作業療法士

作業療法士

リハビリのプロ。心身障害からの社会復帰をサポート。

作業療法士の仕事・収入

作業療法士の収入は初任給は22万円くらいです。
病院勤務の作業療法士の場合、一般の病院よりも精神科の方が、また国公立の病院よりも民間の病院の方が、収入は高めです。

作業療法士のほとんどが医療機関で働いています。 総合病院・一般病院・精神病院・リハビリセンター・児童や障害者や高齢者のための社会福祉施設、などです。作業療法士の仕事は、その勤務先により仕事内容が大きく変わるので、自分がどんな仕事をしたいのかを考えて職場を決めましょう。

作業療法士として、医療分野で働きたいのか、福祉分野で働きたいのか。
作業療法士として、身体のリハビリをしたいのか、精神のリハビリをしたいのか。
作業療法の対象は、子どもなのか、高齢者なのか。

在学中に色々なところに実習に行きます。 その中で自分に向いているところ、自分が働きたい分野をみつけていきましょう。

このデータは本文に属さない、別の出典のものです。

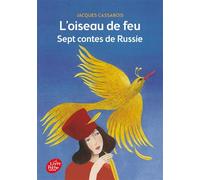 L'oiseau de feu - Sept contes de Russie - Jacques Cassabois - Ldp Jeunesse - Poche - Contes / Légendes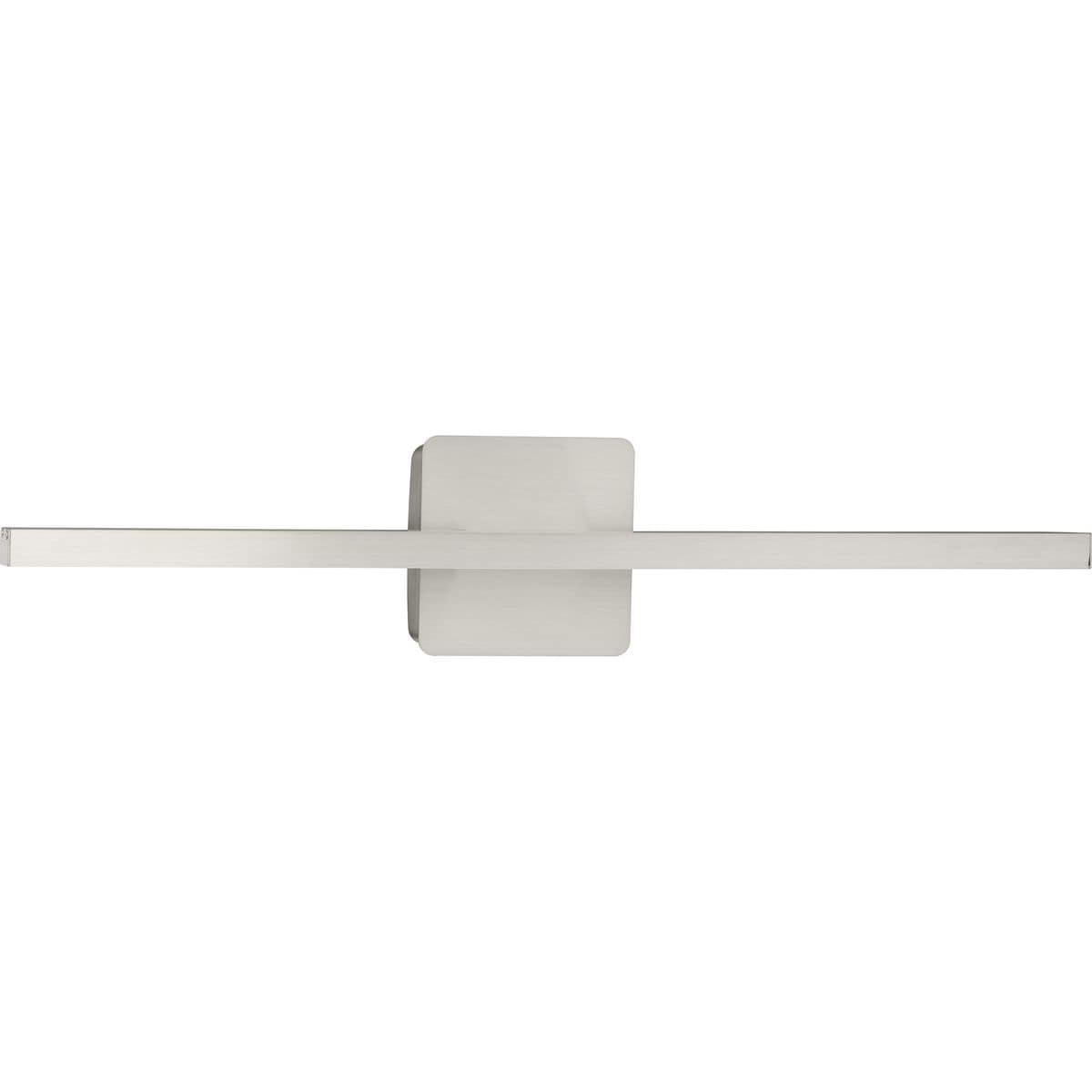 Progress Lighting P300449-009-CS Phase 5 LED 24-in 1 -Light Brushed Nickel Integrated LED Modern/contemporary Vanity light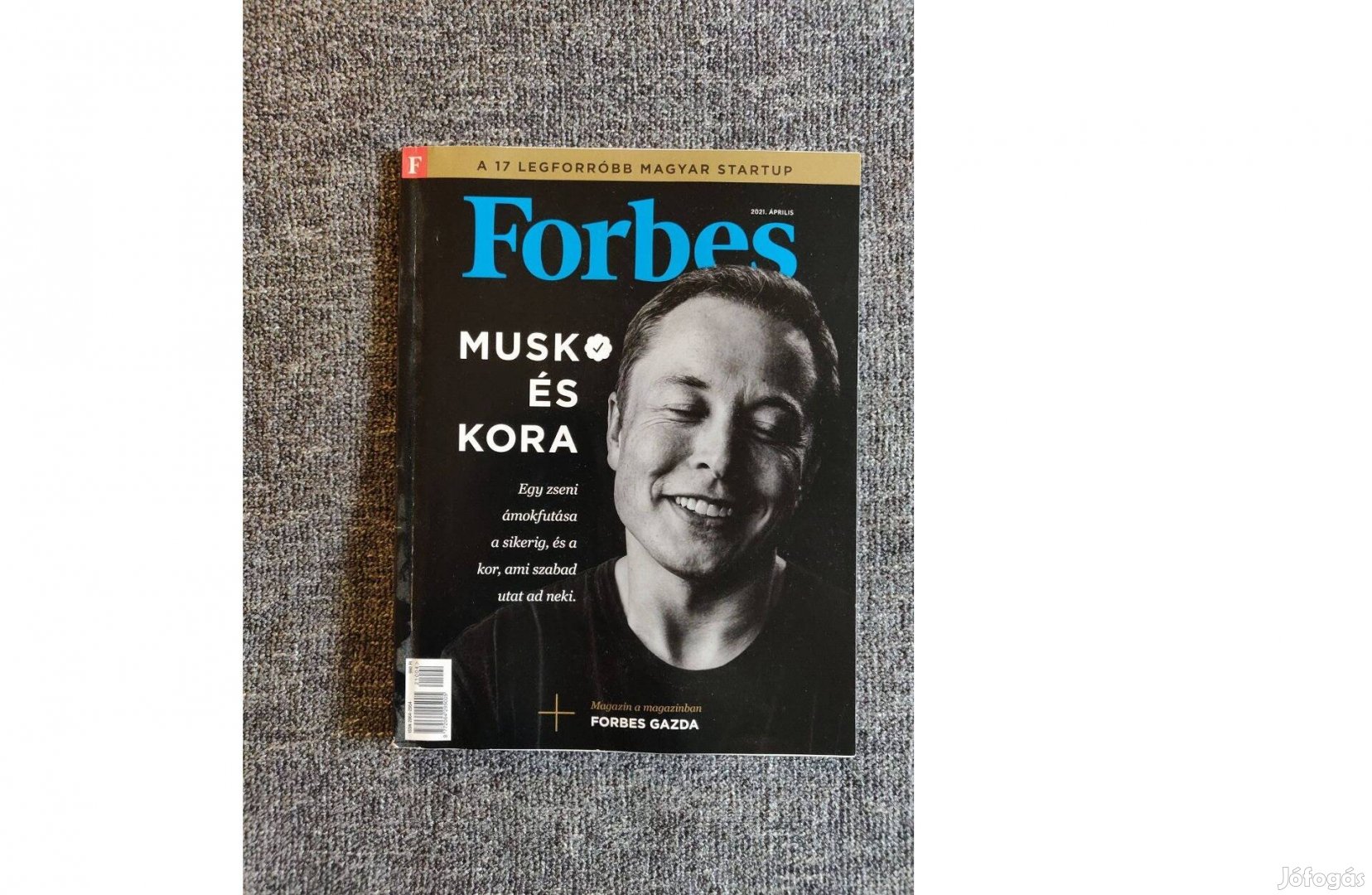 9 db Forbes magazin - az ár együtt az összesre vonatkozik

作業療法士はまだまだ人材不足です。そのため資格取得後の就職率はほぼ100%となっています。 また作業療法士は、女性が自立した生活をできる仕事の一つであり、結婚や出産による長期の離職の後でも再就職が可能なので、女性に人気の高い資格です。

スポンサーリンク

作業療法士のなり方・学校と講座

作業療法士の資格は国家試験に合格することにより取得できます。しかしその前に、作業療法士国家試験の受験資格を得るために、国が定める作業療法士の学校を卒業する必要があります。

作業療法士の資格を取るための進学コースとしては、
高校卒業後…
1.作業療法学科やリハビリテーション科のある大学(4年)・短大(3年)を卒業する。
2.厚生労働大臣指定の専門学校(3年か4年)を卒業する。
のどちらかになります。
どちらにしても、資格の受験資格を得るために3年~4年は必要です。

3年か4年かは学校やクラスによって違い、自分で選ぶことができます。 学生のあいだはレポートや実習などでとても忙しいので、時間によゆうがあるのなら4年制の学校を選んだ方がゆとりがもてるでしょう。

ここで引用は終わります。